In present-day Japan, Toshihiko Momota is member of a secret warrior faction called the Kifuuken. The Kifuuken is dedicated to destroying Shokujinji - humans that turn into man-eating monsters when hunger takes them. However, to fate's chagrin, Momota meets and quickly falls for Yuka, a Shokujinji herself! Will their love be able to overcome Yuka's insatiable appetite for human flesh, or will the couple be destroyed by the bestial tendencies of humanity?
Nao and Miki are the sole members of their school's photography club, and have discovered the hidden secret of the wind. With the help of Mr. Taiki (a member of the ancient clan of the "wind-handlers" and one of their teachers) the duo soon pick up the secrets of controlling the wind and seeing it in its perfect beauty. With flying cats, lost tree squirrels and photography contests to boot, there's wind to be seen in any situation...
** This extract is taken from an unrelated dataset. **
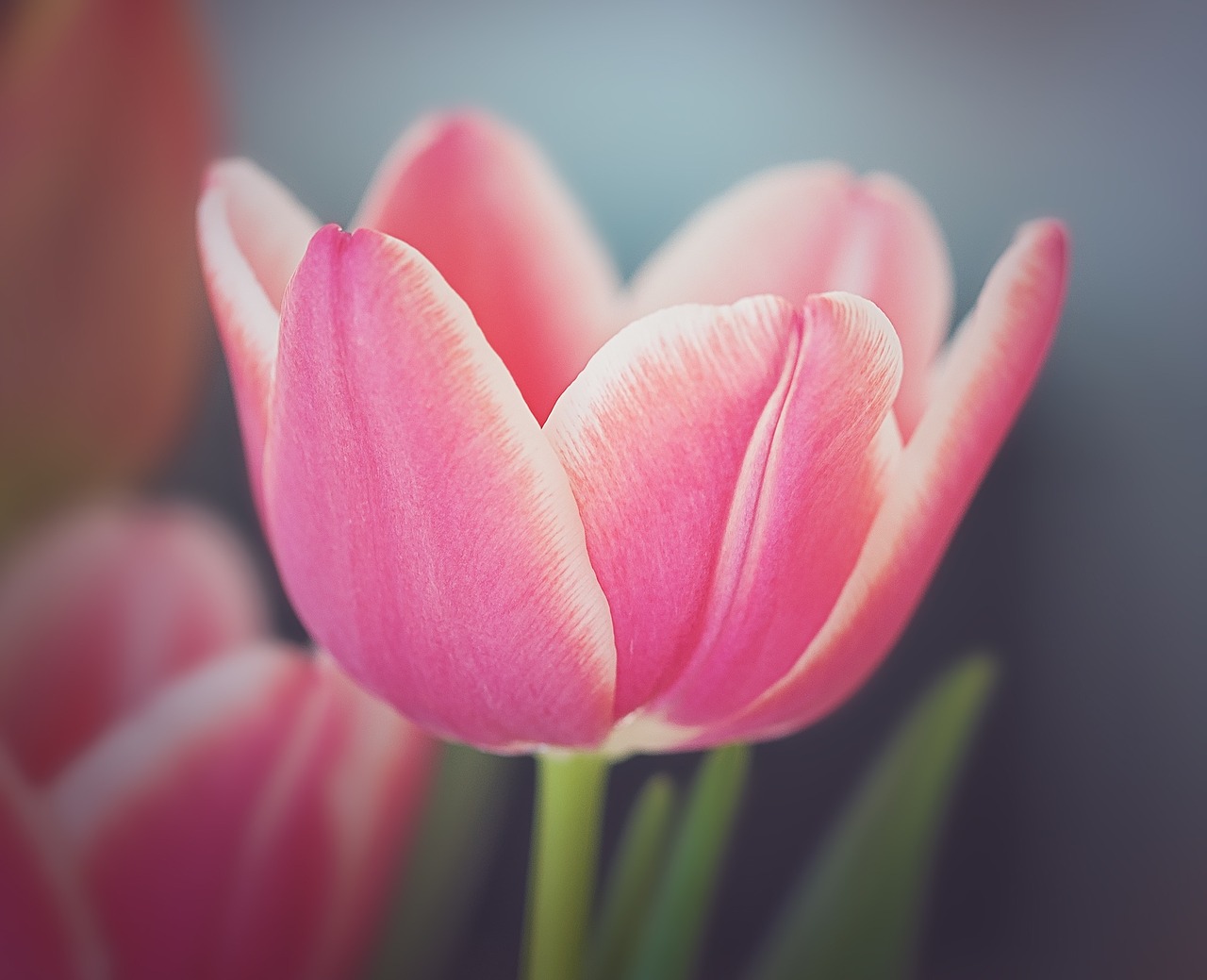 tulip flower blossom free photo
I don't usually make recommendations based upon a series's art style, but Windy Tales and Kemonozume are so far removed from the traditional "anime look", I feel I must. They are both drawn in this sort of really neat sketchy, flat style is very rarely used.
Additionally, each is about a seemingly normal society, with the exception of a select group of supernaturally-inclined humans (or not-so-humans, whichever the case may be). Granted, they're very different takes on the concept, but each definitely still warrants a look.
A man is miserable. Despite all his dreams of a “Rose-Colored Campus Life” filled with raven-haired maidens who dote on him, his social life is going nowhere. He has no girlfriend, his only good friend keeps getting him into trouble, and the circle he joined brings him no joy. So he tries again, and again, reliving his first two years of college life ad nauseum, making different decisions each time, having no recollection that he’s already done this all before. Will the man ever be satisfied with how his life turns out?
Stylishly animated and darkly funny series from Masaaki Yuasa and Madhouse. They don't have alot in common in terms of plot - for one thing, Kemonozume is far more reckless weirdness then it is narrative - but they have a similar artistic style and tone that makes them recommendable to each other, i'd argue.